Sometimes, farmers can't tell where the wind-blown dicamba came from. In other cases, the source of the damage is clear, but farmers who sprayed it insist that they sprayed the chemical exactly as directed and refuse to accept responsibility for any damage.
Tom Burnham, a farmer near Blytheville, Ark., whose fields were damaged, says that some of his neighbors were helpful and reported the damage to their insurance companies, just as they would do if they were in a car accident.
"But there's some who were so nonchalant about the situation, so unforthcoming, I don't think those relationships will ever be repaired," he says. "As a human being, I can't trust someone like that."
Farmers also are battling over whether they'll get to use this weedkiller next year. David Wildy has taken a stand against further dicamba use.
"Regardless of how good it is, and how much I need it, if I can't keep it from damaging my neighbor, we can't use it," he says.
Michael Sullivan, meanwhile, the farmer with the pigweed problem, thinks that farmers have no alternative.
"The technology is too good to just trash it," he says. "Pigweeds are literally going to take the country over if we don't control them."

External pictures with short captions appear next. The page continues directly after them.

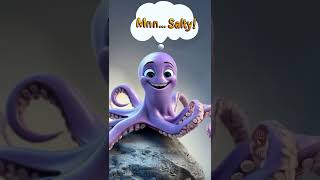 5 Mind-Blowing Octopus Facts for Kids | Fun Animated Ocean Learning!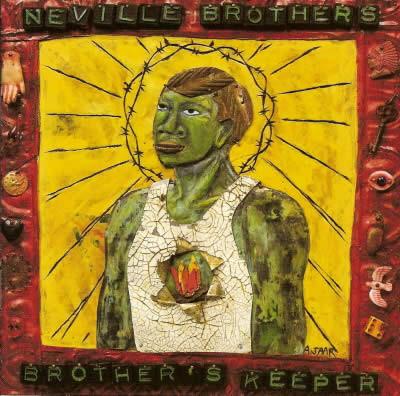 CD NEVILLE BROTHERS Brothers Keeper 7502153122 AM 1990 US SoulFunk Used
CD NEVILLE BROTHERS Brothers Keeper 7502153122 AM 1990 US SoulFunk Used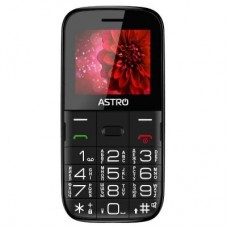 Мобільний телефон Astro A241 Black Мобільний телефон Astro A241 Black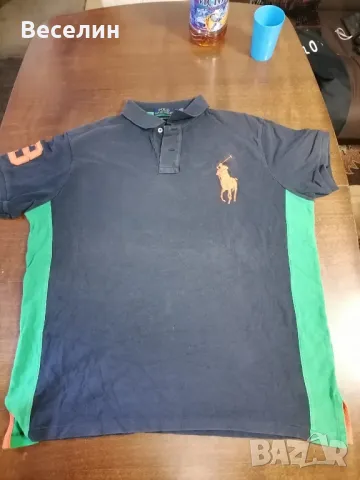 Тениска Ralph Lauren Polo XL , снимка 7 - Тениски - 50434297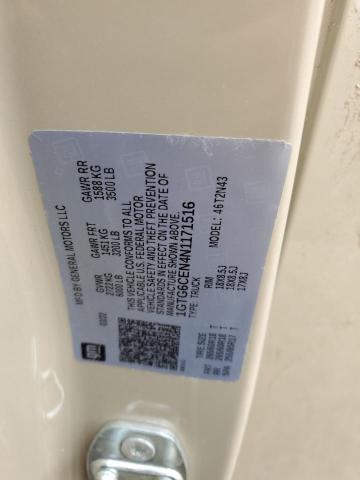 2022 GMC CANYON ELE 1GTG6CEN4N1171516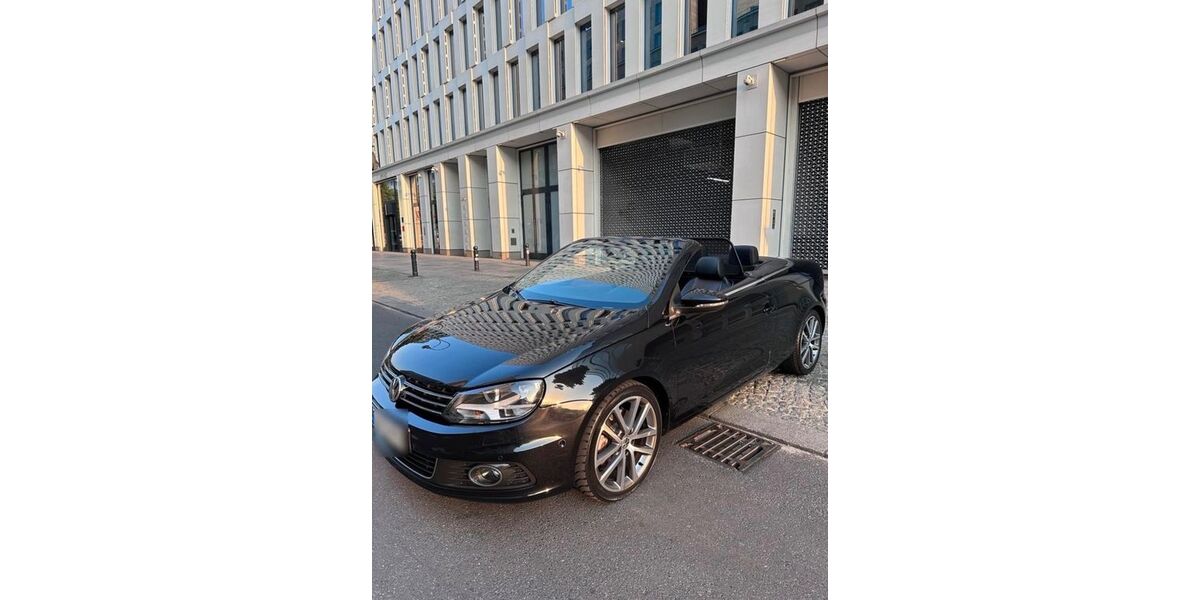 VW Eos 168.000 km 8.250 &euro; Berlin 13585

Sullivan thinks the problem of damaged crops can be solved. The benefits of dicamba-tolerant crops will be so obvious, he says, that almost all the farmers in his area will decide to plant them — which means that there won't be any vulnerable crops that dicamba would damage.
That might reduce the damage to crops, but the resulting free-fire zone for dicamba could be bad news for other vegetation, such as wildflowers and trees.
The wider ecological impact of dicamba drift received little attention at first. Richard Coy, whose family-run company manages 13,000 beehives in Arkansas, Mississippi and Missouri, was one of the few people who noticed it.
"If I were not a beekeeper, I would pay no attention to the vegetation in the ditches and the fence rows," he says. But his bees feed on that vegetation.
Coy takes me to a group of hives parked between an overgrown ditch and a soybean field, in an area where farmers sprayed a lot of dicamba this summer.
"Do you see this vine right here?" he asks. "The green one, [that] has little tags? Those tags should have been blooming during the month of July. As of today, they have not bloomed."
No blossoms means less pollen for his bees. Coy thinks that dicamba drift is the most likely explanation. Other plants nearby, such as a cottonwood tree, showed clear symptoms of exposure to dicamba.
Honey production at his site is down by 40 percent to 50 percent, Coy says. Across the region, in areas where farmers sprayed dicamba, honey production dropped by about one-third, on average. If farmers keep spraying dicamba, he says, he'll have to move his hives somewhere else.
But the fate of his business isn't as important as the fate of the environment. Dicamba exposure "affects "things that people are not even aware of," he says. "It affects the butterflies, and all pollinators. But all of these insects are in the environment for a reason, and they all have to be sustained for everything to work as it should."
Along the southern shore of Tennessee's Reelfoot Lake, a well-known state park, bald cypress and oak trees also showed symptoms of dicamba exposure this summer. Nathan Hoover, a forest health specialist with the Tennessee Department of Agriculture, called the damage "minor" and says he expects the trees to recover.
The U.S. Environmental Protection Agency and many states are taking a close look at dicamba use. Regulators in Arkansas have voted to ban most spraying of dicamba in the state next summer, but the governor and leaders of the state Legislature still need to sign off on it.